Tiled
[taɪl]
Definition
(adj.) covered or furnished with tiles; 'baths with tiled walls'; 'a tiled kitchen' .
Checker: Wilmer--From WordNet
Definition
(imp. & p. p.) of Tile
Checked by Clive
Examples
- Some distance off, across a paddock, lay a long gray-tiled out-building. Arthur Conan Doyle. The Memoirs of Sherlock Holmes.
- Even then, I would have avoided the room where they all were, but for its being the neat-tiled kitchen I have mentioned more than once. Charles Dickens. David Copperfield.
- The Chinese ages ago heated their hollow tiled floors by underground furnace fires. William Henry Doolittle. Inventions in the Century.
- The kitchen did look more substantial, because of the red-tiled floor and the stove, but it was cold and horrid.
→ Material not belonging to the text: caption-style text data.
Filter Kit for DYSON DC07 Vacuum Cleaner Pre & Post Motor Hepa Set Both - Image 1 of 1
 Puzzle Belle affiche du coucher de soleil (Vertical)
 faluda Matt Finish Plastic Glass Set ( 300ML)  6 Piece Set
D. H. Lawrence. Women in Love .
- Here she was, in the tiled kitchen, cooking dinner! Charles Dickens. David Copperfield.
- There was a low plastered ceiling to a part of it; the rest was open, to the ridge of the tiled roof, and there were beams across. Charles Dickens. A Tale of Two Cities.
- A sort of tiled veranda extended along one side of it, lined by several windows and two doors. Arthur Conan Doyle. The Return of Sherlock Holmes.
- Rush-bottomed arm-chairs faced each other across the tiled hearth, and rows of Delft plates stood on shelves against the walls. Edith Wharton. The Age of Innocence.
- Unfortunately, the path was tiled at that point. Arthur Conan Doyle. The Return of Sherlock Holmes.
- I looked out over the tiled roofs and saw white clouds and the sky very blue. Ernest Hemingway. A Farewell To Arms.